The Short-Term Risks of the REAL Reform Act for Student Loan Borrowers
This bill doesn’t represent an immediate threat to Public Service Loan Forgiveness or Income-Driven Repayment.
It won’t get a vote in the House of Representatives, and there isn’t companion legislation in the Senate. Even if it did get a vote, it wouldn’t pass. Furthermore, even if this legislation somehow did pass, it would almost certainly get vetoed by the President.
The concern for borrowers comes when Republicans eventually get their turn in charge of Congress and the White House. (There are only two political parties in the United States, and control shifting back and forth between the two is inevitable.)
The Long-Term Concerns for Borrowers
Significant changes to the law in the United States rarely happen overnight. Overturning Roe v. Wade was the result of decades of work on the right; likewise, passing the Affordable Health Care Act was the result of decades of work on the left.
Ideas get introduced, they get debated, and Americans gradually adopt opinions.
Public Service Loan Forgiveness and Income-Based Repayment were created with bipartisan support. Republican President George W. Bush signed the PSLF legislation into law.

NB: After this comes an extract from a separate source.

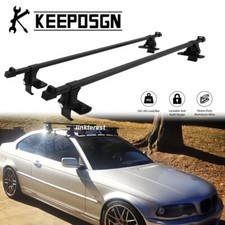 For 3 Series E46 Car Top Roof Rack Cross Bars Cargo Carriers Luggage Lock Black For 3 Series E46 Car Top Roof Rack Cross Bars Cargo Carriers Luggage Lock Black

Today, efforts to make repayment more affordable or expand loan forgiveness don’t enjoy the same bipartisan support.
If the sentiment behind the REAL Reforms Act grows, it represents a major risk to borrowers planning on PSLF or IDR forgiveness. The more Americans that oppose higher education or student loan relief, the more likely it becomes that a bill like the REAL Reforms Act can pass.
Can Congress Cancel Student Loan Forgiveness Programs?
Changing student loan laws is about more than just public sentiment.
From a legal standpoint, the ability of Congress to end student loan forgiveness programs is a tricky question.
All borrowers sign a Master Promissory Note (MPN). The MPN is the contract between the borrower and the government. The MPN is the document that creates the legal obligation for the borrowers to repay their loans. One noteworthy aspect of the MPN is that it contains language for Income-Driven Repayment and Public Service Loan Forgiveness.
This contract should provide some comfort to borrowers whose financial planning depends on the existing forgiveness programs. However, this protection isn’t absolute. There are a lot of complicated legal theories and concepts that go into this issue. This topic will undoubtedly be the subject of future legal research and scholarly writing.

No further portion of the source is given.